Nous, en l’occurrence, c’est ma princesse byzantine et moi. Et ma princesse byzantine, c’est Marina Dédéyan , l’auteur de L’Aigle de Constantinople, que j’ai rencontrée (sur des passions communes… celle de la dignité humaine, notamment ; voir plus bas) aux Mots Doubs de Besançon, lors de la sortie de La Quatrième Révélation. Marina qui est devenue une amie au point qu’elle nous confie, à Frédéric et à moi, la garde du cochon d’Inde de son fils, nommée Miss Polémic : c’est dire l’étroitesse de nos liens ! C'est à elle aussi que je dois d'avoir rencontré Marc Menant, à Saint-Louis : tous sur Europe 1, samedi qui vient à 15h15 !

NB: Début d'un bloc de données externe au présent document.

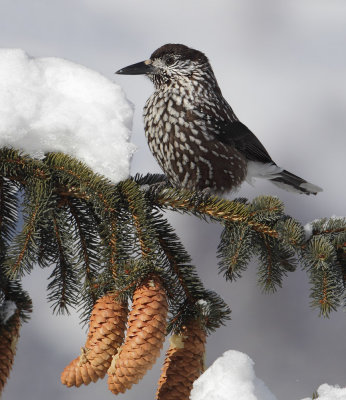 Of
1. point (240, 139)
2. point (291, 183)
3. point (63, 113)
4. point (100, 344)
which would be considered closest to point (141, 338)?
point (100, 344)

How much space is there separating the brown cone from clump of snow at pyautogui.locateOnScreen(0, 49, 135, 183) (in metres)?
0.60

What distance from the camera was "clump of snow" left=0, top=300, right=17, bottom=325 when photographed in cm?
197

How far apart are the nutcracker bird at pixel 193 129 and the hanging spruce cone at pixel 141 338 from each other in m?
1.38

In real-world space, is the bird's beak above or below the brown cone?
above

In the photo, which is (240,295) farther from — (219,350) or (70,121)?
(70,121)

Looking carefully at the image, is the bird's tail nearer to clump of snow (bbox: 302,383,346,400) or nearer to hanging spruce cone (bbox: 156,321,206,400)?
hanging spruce cone (bbox: 156,321,206,400)

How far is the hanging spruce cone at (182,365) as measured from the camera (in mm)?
1945

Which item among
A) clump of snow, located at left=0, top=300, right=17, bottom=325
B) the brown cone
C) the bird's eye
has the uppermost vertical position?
the bird's eye

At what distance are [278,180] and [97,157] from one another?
186 centimetres

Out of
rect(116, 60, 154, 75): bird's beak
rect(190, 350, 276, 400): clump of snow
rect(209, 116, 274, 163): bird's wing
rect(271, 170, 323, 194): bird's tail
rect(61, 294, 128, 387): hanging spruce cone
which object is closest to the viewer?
rect(190, 350, 276, 400): clump of snow

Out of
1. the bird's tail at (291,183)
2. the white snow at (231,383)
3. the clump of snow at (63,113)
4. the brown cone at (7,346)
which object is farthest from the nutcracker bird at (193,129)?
the white snow at (231,383)

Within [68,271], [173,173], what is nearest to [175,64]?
[173,173]

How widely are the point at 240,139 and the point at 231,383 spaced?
6.35 feet

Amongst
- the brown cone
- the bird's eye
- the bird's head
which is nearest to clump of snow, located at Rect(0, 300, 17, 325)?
the brown cone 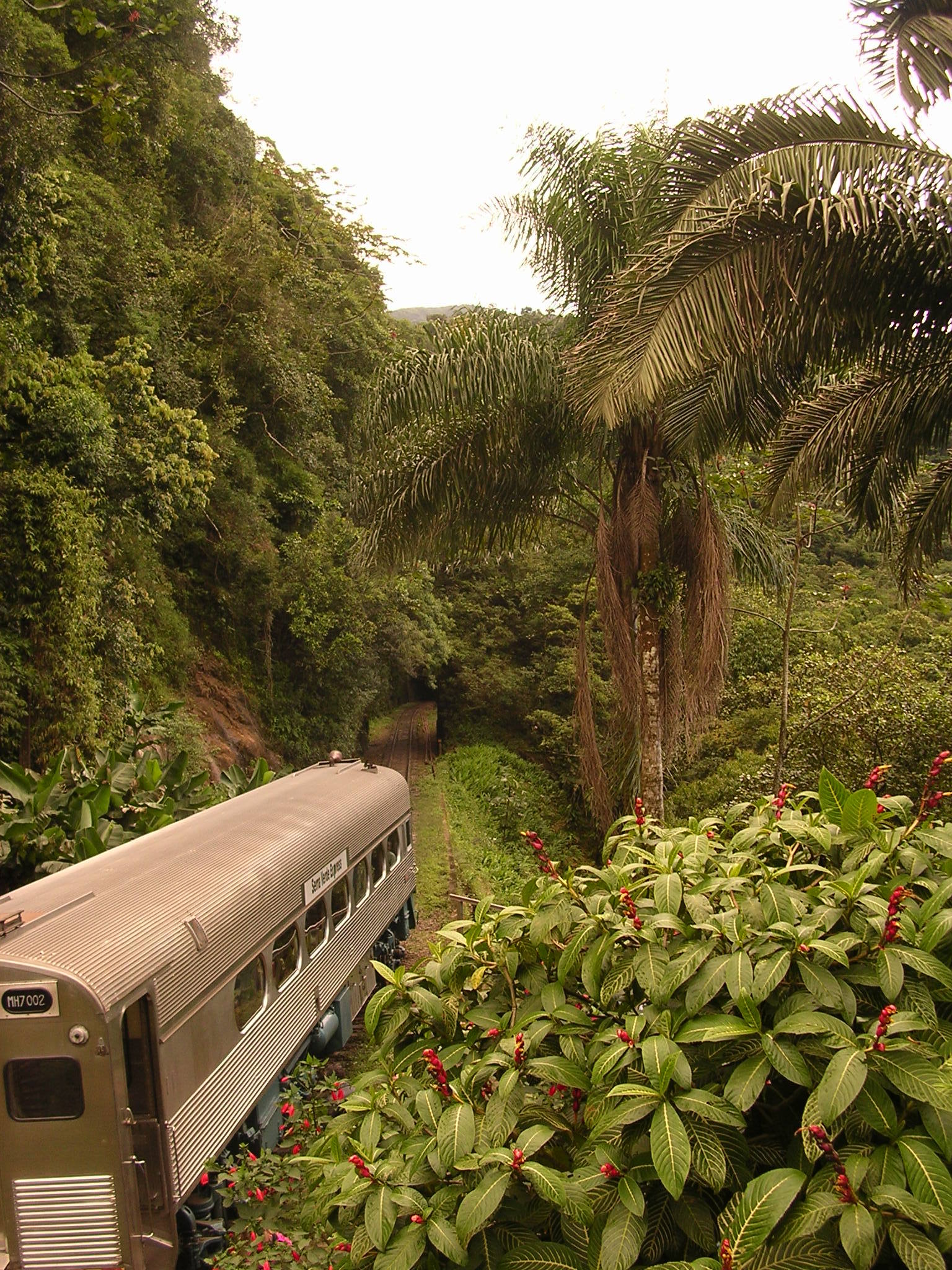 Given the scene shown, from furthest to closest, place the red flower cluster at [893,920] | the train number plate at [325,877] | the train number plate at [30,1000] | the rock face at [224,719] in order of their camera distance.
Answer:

Gilbert est adorable, et l’équipe de bénévoles auquel il a su insuffler la passion est aussi efficace que chaleureuse. Comme à Saint-Louis pour Denise Fuentès, je veux redire ici combien, pour des auteurs comme moi, qui ont un lectorat (un lectorat qui s’élargit de livre en livre : merci à tous !) mais que la nomenklatura critique, dans sa quasi-totalité, ignore parce qu’il n’appartient, ni lui ni sa maison, au Milieu, doit aux salons, à la curiosité de leurs organisateurs, aux collectivités locales et aux amoureux des livres, bénévoles, qui donnent sans compter leur temps et leur énergie pour que, partout en France, le livre, les livres dans leur diversité, puissent rencontrer leur public. Dans une économie du livre de plus en plus marchandisée, c’est une chance incroyable que de permettre la rencontre entre des lecteurs en éveil, qui ne se contentent pas des conseils faisandés des médias, et des auteurs qu’ils ne connaîtraient pas autrement.

Bref, merci mille fois, Gilbert ! tout était parfait !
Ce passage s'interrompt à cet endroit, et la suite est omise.